■ **Data**:
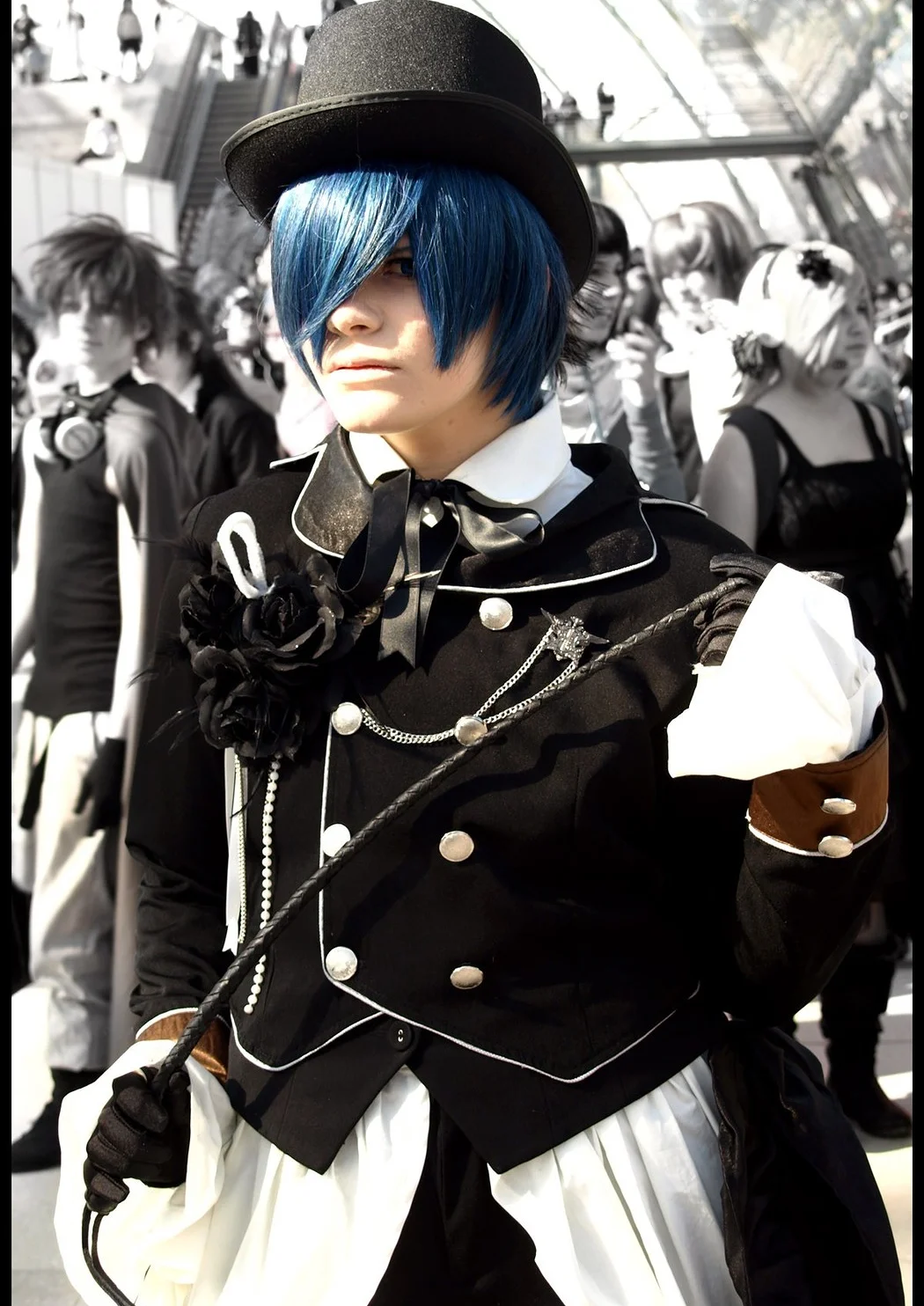 Cosplay-Cover: Ciel Phantomhive   •[Manga Cover VI]•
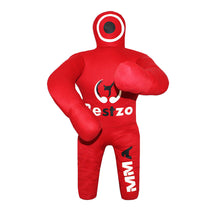 Load image into Gallery viewer, MMA Grappling Dummy- Punching Bag for Kids Wrestling BJJ Judo Karate Throwing Self Defense Boxing Brazilian Jiu Jitsu Dummies - UNFILLED
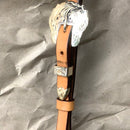 Private Label 03SP78245-1FR Smooth Quill Ostrich Breast Collar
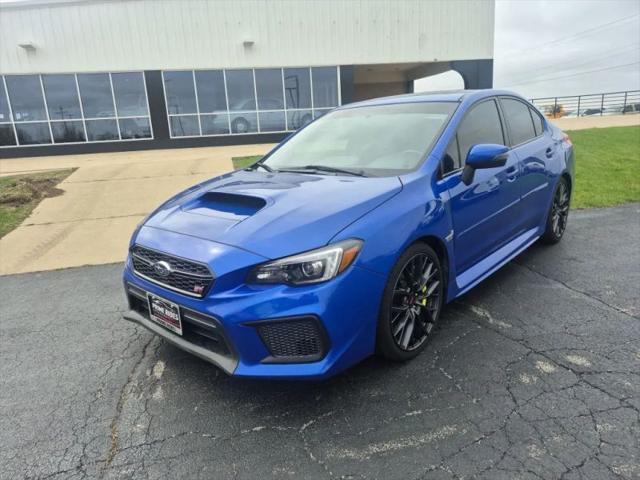 2018 Subaru WRX STI Limited for sale in Dwight, IL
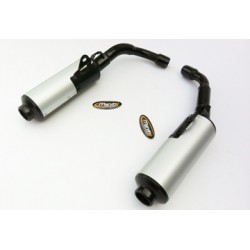 Exhaust Marving Round for Honda CBR 1000 F 1989/1991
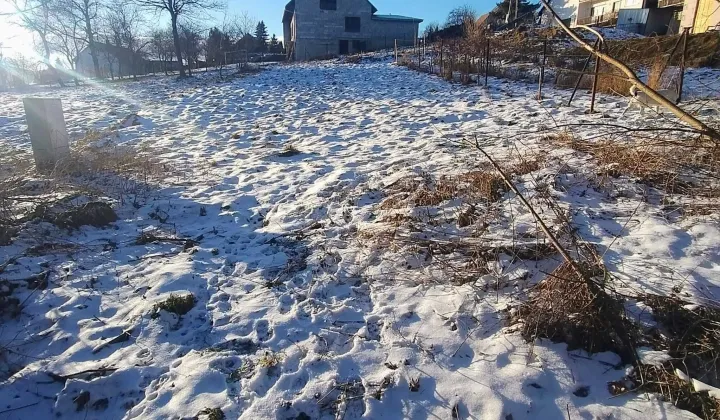 Działka budowlana Zembrzyce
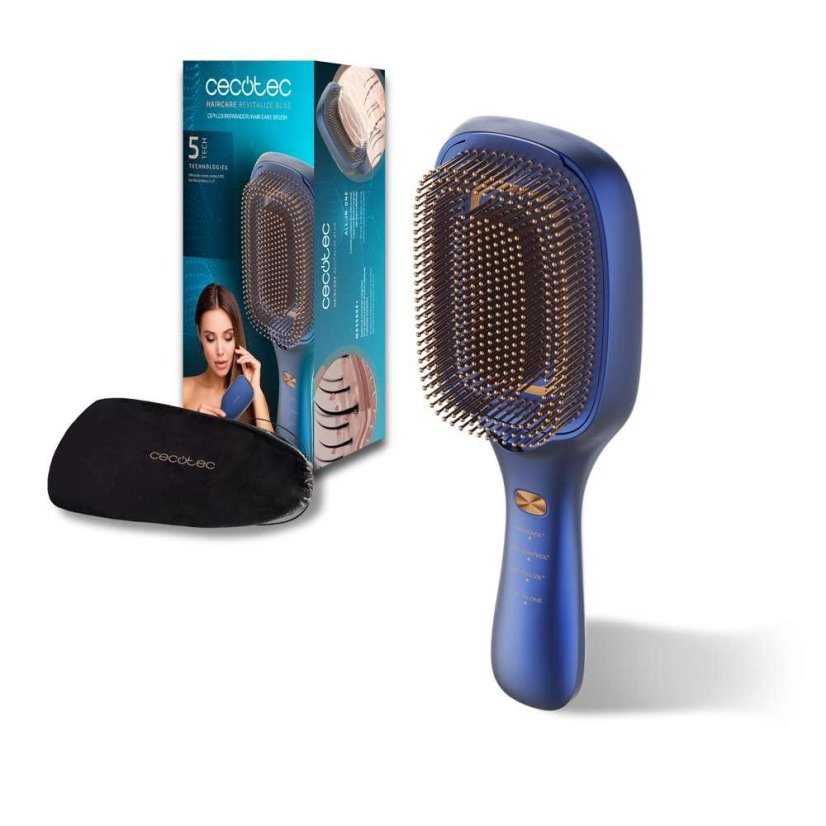 Elektrische Haarbürste Cecotec HairCare Revitalize Blue 100151 blau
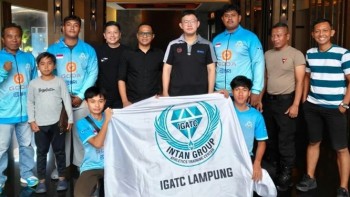 Kejar Tiket PON, IGATC Lampung Siapkan Atlet Ke Kejurnas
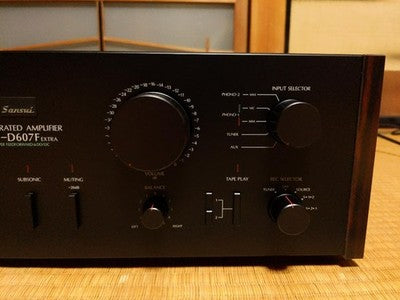 SANSUI AU-D607F EXTRA INTEGRATED AMPLIFIER
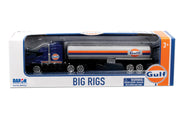 DARON RB79632 Big Rigs Gulf Oil Tanker Truck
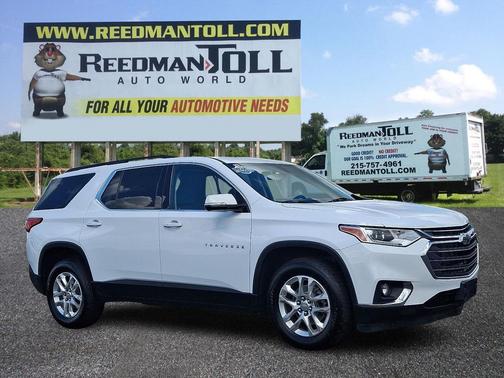 2020 Chevrolet Traverse LT Cloth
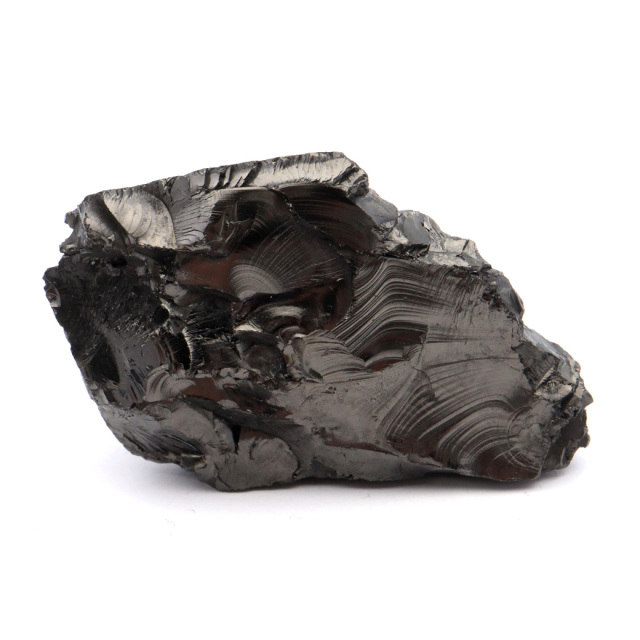 エリートシュンガイト 原石 さざれ ロシア カレリア共和国シュンガ 天然石 1点物 パワーストーン Shungite シュンガ石
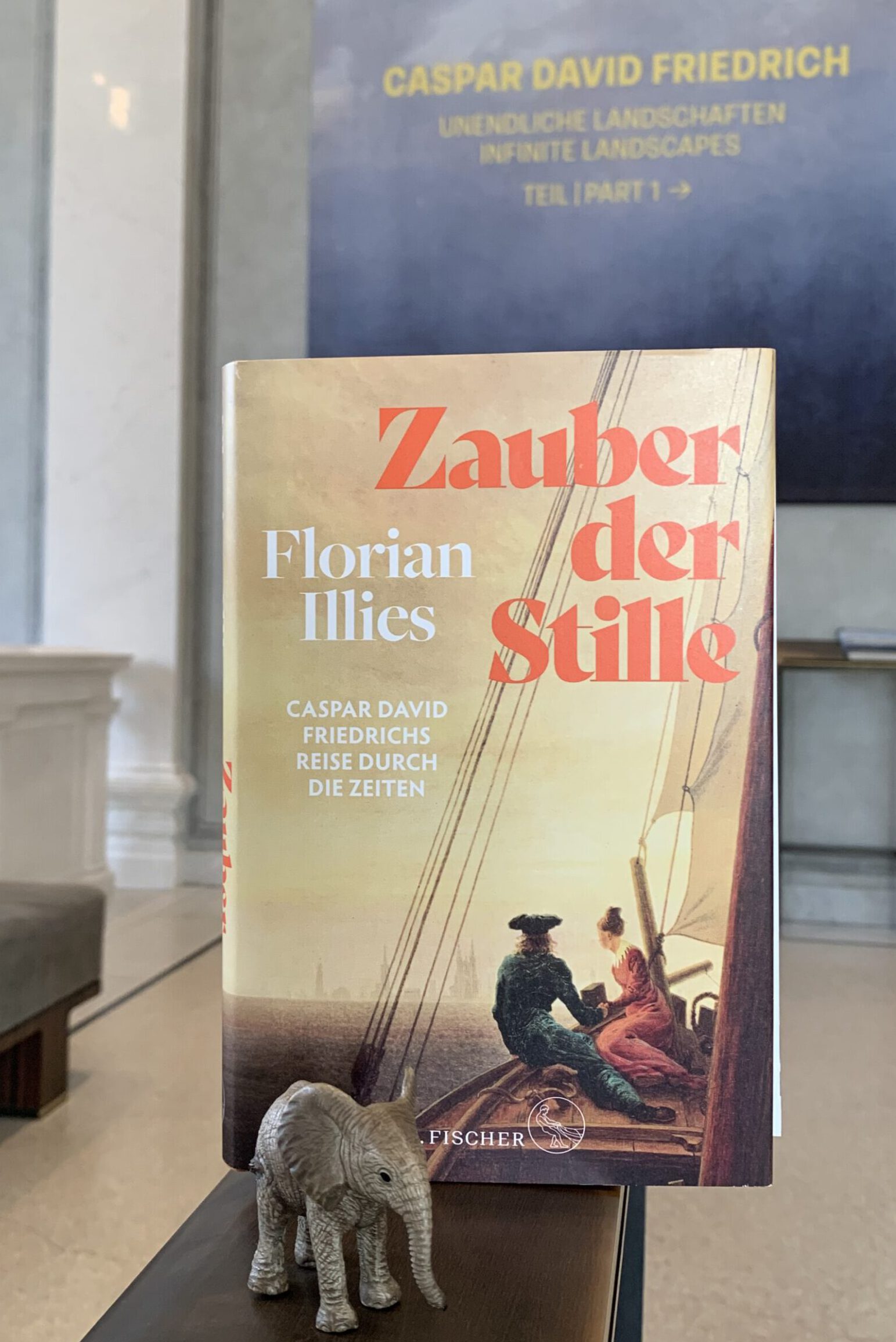 Zauber der Stille: Caspar David Friedrichs Reise durch die Zeiten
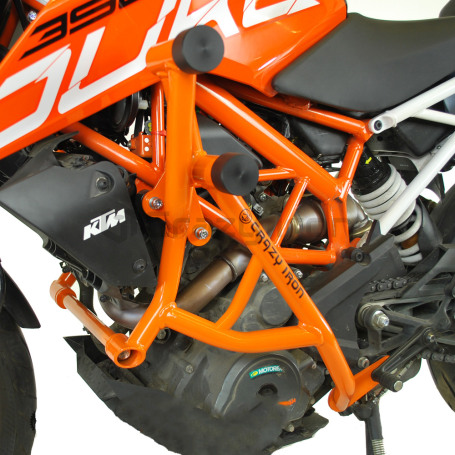 CRAZY IRON Cage PRO KTM Duke 250, Duke 390  2021-2023 (фото 10, фотография 10)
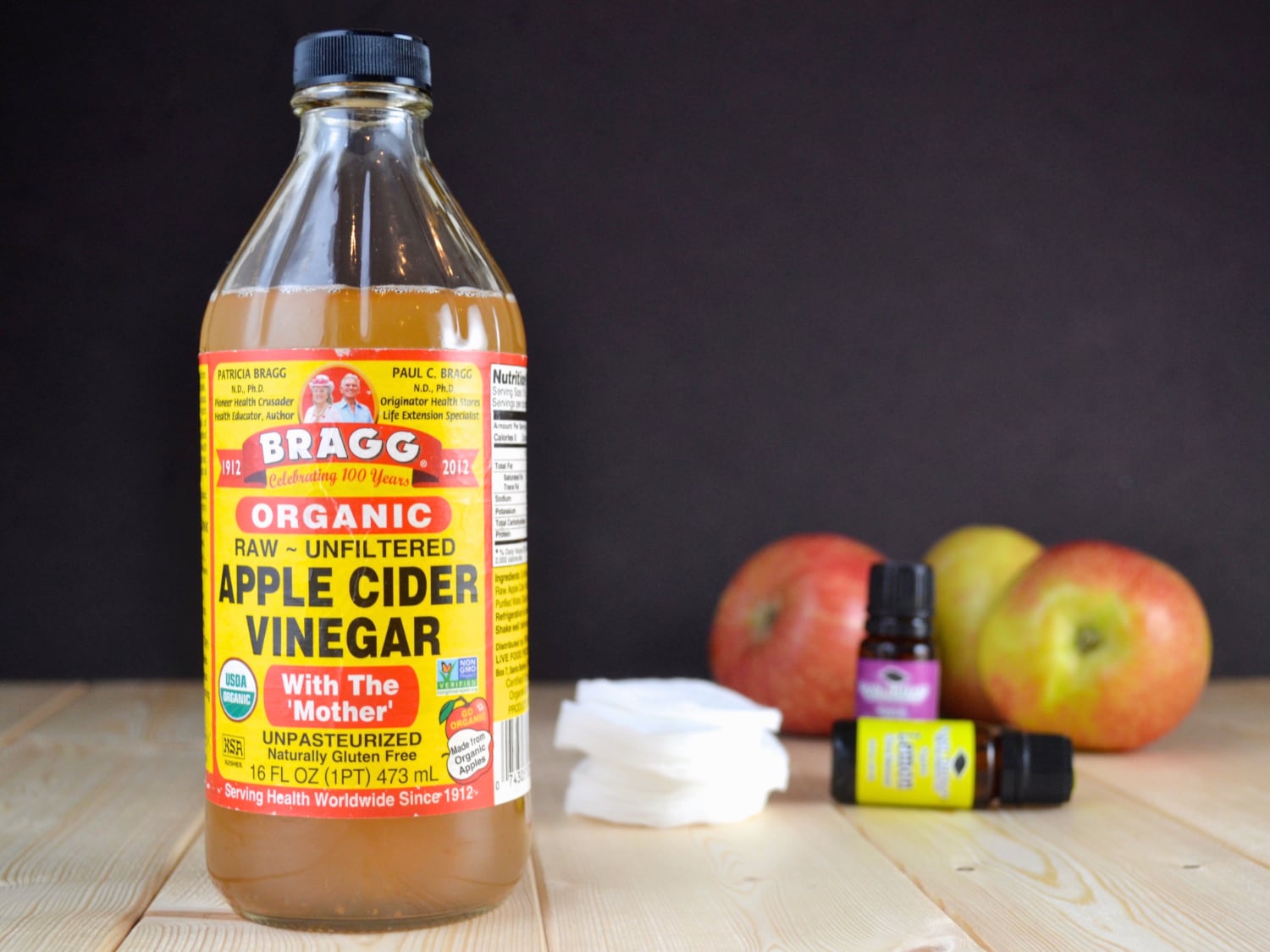 Apple Cider Vinegar And Water Toner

■ **Exercise**: With the pictures left out, write out exactly the lines from the line containing "SANSUI AU-D607F EXTRA INTEGRATED AMPLIFIER" through the last line of the entries above, both ends included, and no others.

■ **Finished task**:
 SANSUI AU-D607F EXTRA INTEGRATED AMPLIFIER
 DARON RB79632 Big Rigs Gulf Oil Tanker Truck
 2020 Chevrolet Traverse LT Cloth
 エリートシュンガイト 原石 さざれ ロシア カレリア共和国シュンガ 天然石 1点物 パワーストーン Shungite シュンガ石
 Zauber der Stille: Caspar David Friedrichs Reise durch die Zeiten
 CRAZY IRON Cage PRO KTM Duke 250, Duke 390  2021-2023 (фото 10, фотография 10)
 Apple Cider Vinegar And Water Toner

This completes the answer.